Family members of some of the possible 300 victims thought to be buried in a mass grave in Medellin, gathered near the grave site on Monday before authorities begin the task of searching for the remains.
Prosecutors have billed the landfill in the Comuna 13 slum as the largest urban mass grave in the world.
Some of the victims are thought to have been buried here as far back as 2002, bringing back strong emotions for the family members of victims who are still looking for closure more than a decade after their loved ones went missing.
“There are mixed feeling because there is joy because this is at least a drop of hope in a sea of 13 years of impunity, but it is also painful because it stirs up a lot of things and a lot of feelings to know that we could find them and you also have to deal with the possibility that nothing could be found in this area. But at least we can now start the excavation process and start to open this process for real,” said Alejandra Balvin whose loved one has been missing for 13 years.

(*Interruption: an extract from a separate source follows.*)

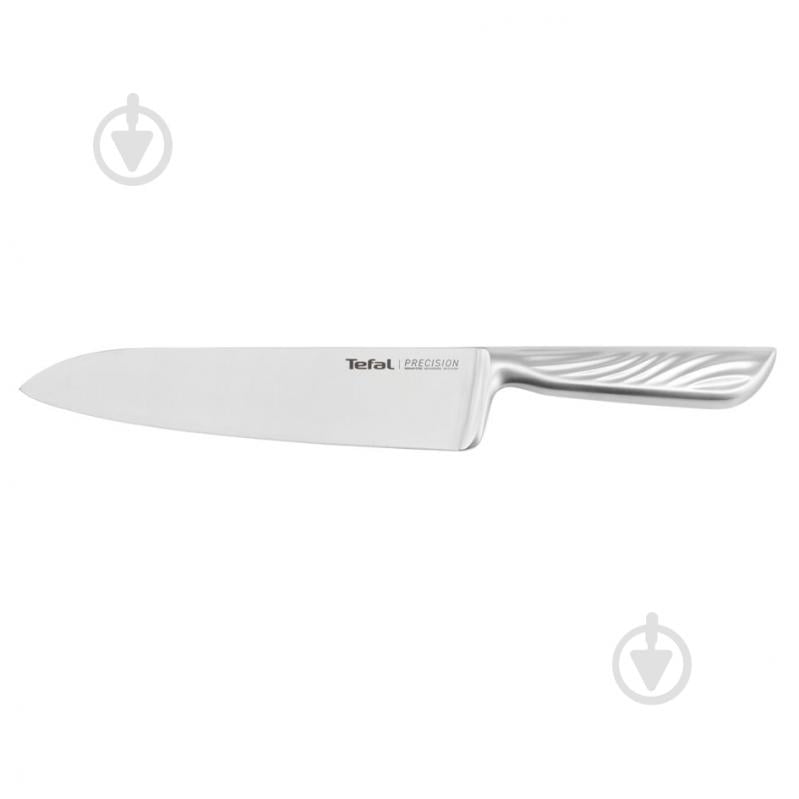 Нож шеф-повара Tefal Precision 20 см K2890224 - фото 11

The victims thought to be buried here went missing as a result of Colombia’s 51-year-long internal conflict.
The eyewitness statements of several former paramilitary warlords, who demobilized and are now in prison, say that the corpses of around 300 people were dumped in the landfill in the upper reaches of a mountain slum in western Medellin from 2002 onwards.
Government officials, though, estimate 90 bodies are hidden in a 24,000 meter-squared landfill, some of whom may have been victims of state security forces.
Interior Minister Juan Fernando Cristo said the recovery of the victims’ bodies could help some of the family members of victims heal.
“Here, from the landfill, what happened over the last 20 years of urban violence in Medellin, is the possibility to symbolically repair; to meet the rights of so many victims here in Medellin that which we want to replicate in all of Colombia,” Cristo said.
The excavation of the landfill will be a major undertaking as workers here will have to dig deep into the landfill as they scour for the missing bodies.
“This week we are going to do everything pertinent for the arrangement because the land moves, because it is a landfill. And in the coming days we will start to go down the 20,000 meters of earth, which is what we need to go down, to find the bodies we are looking for,” prosecutor Gustavo Duque said.
The Colombian civil war pitted right-wing paramilitaries, leftist rebels and government troops in a three-way conflict that left hundreds of thousands dead and over a million people displaced.
The government negotiated a disarmament with the paramilitaries and is participating in peace talks in Cuba with the larger of the two leftist rebel groups, the FARC (Revolutionary Armed Forces of Colombia). It has yet to initiate formal peace talks with the smaller of the leftist rebel groups, the ELN (National Liberation Army).